What you have to do:
Quote the lines of the data below verbatim, beginning at the line that contains "Photo of नेपालको" and ending at the last line, both included, and excluding pictures.

Provided material:
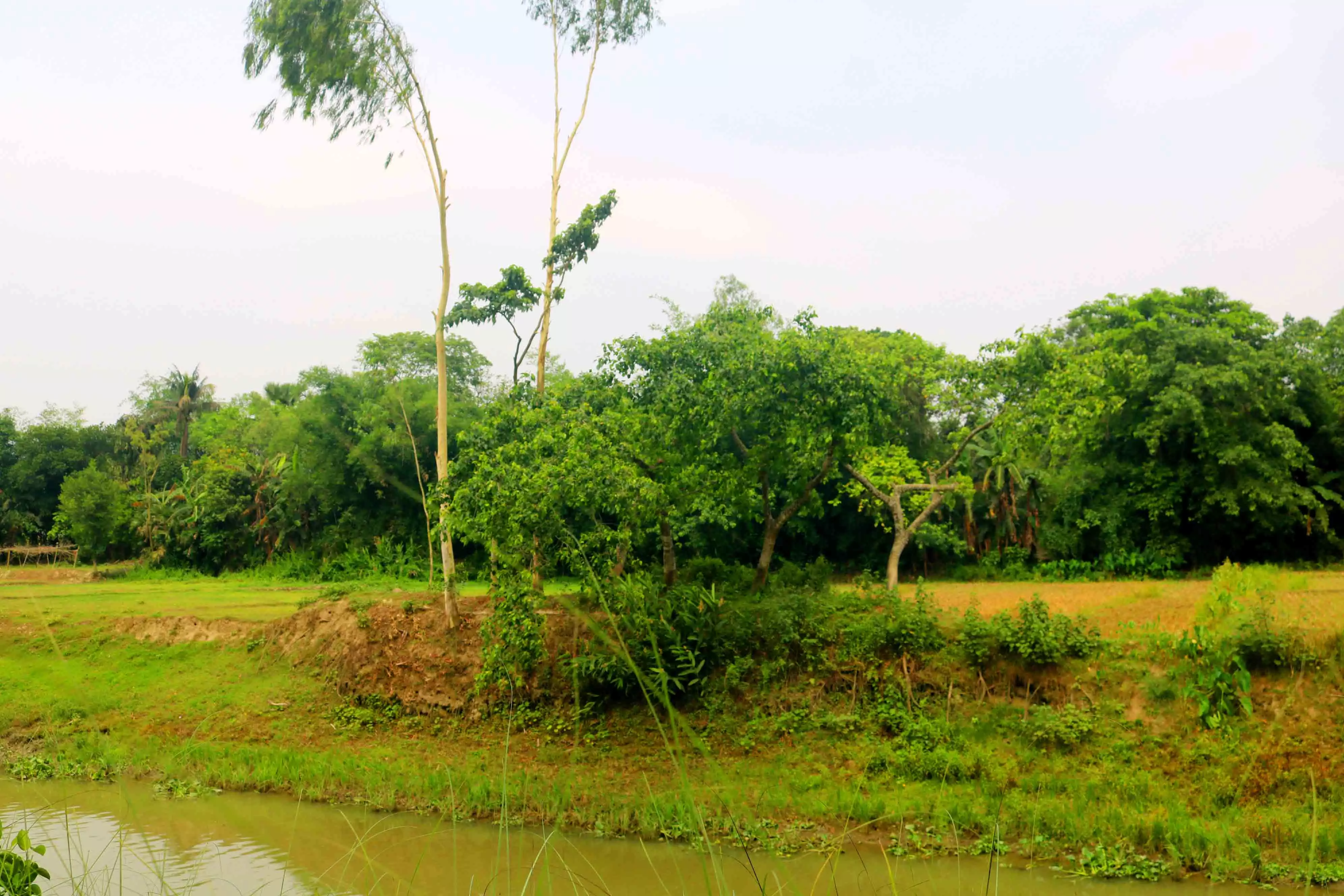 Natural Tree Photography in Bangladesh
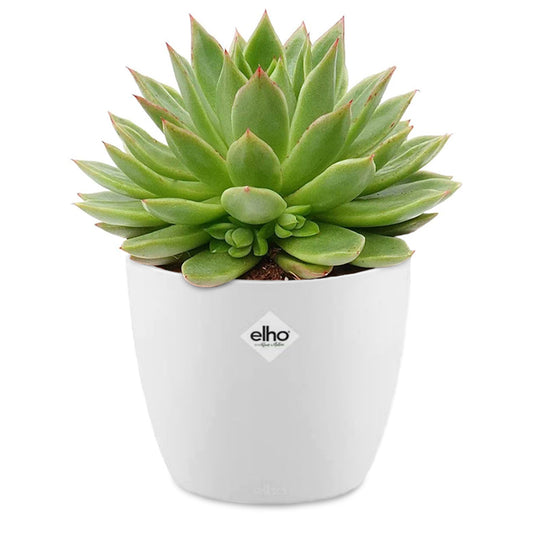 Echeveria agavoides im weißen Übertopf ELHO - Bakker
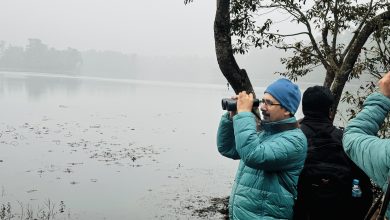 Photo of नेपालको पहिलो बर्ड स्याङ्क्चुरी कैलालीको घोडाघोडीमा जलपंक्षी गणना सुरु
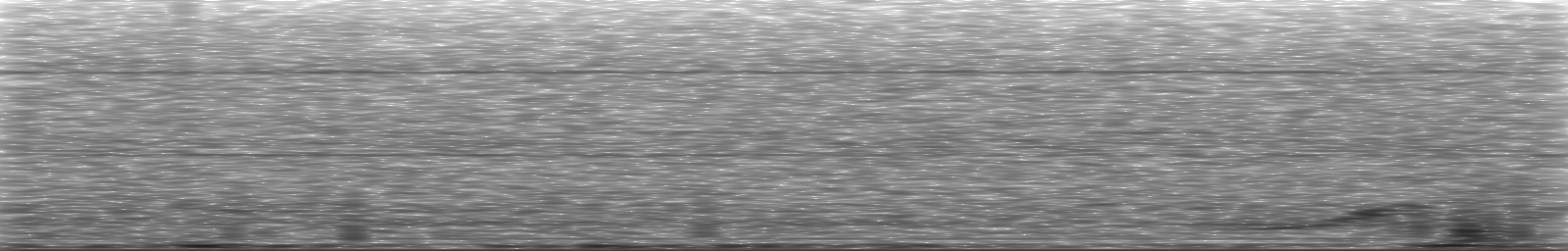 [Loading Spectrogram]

Result of the exercise:
 Photo of नेपालको पहिलो बर्ड स्याङ्क्चुरी कैलालीको घोडाघोडीमा जलपंक्षी गणना सुरु
 [Loading Spectrogram]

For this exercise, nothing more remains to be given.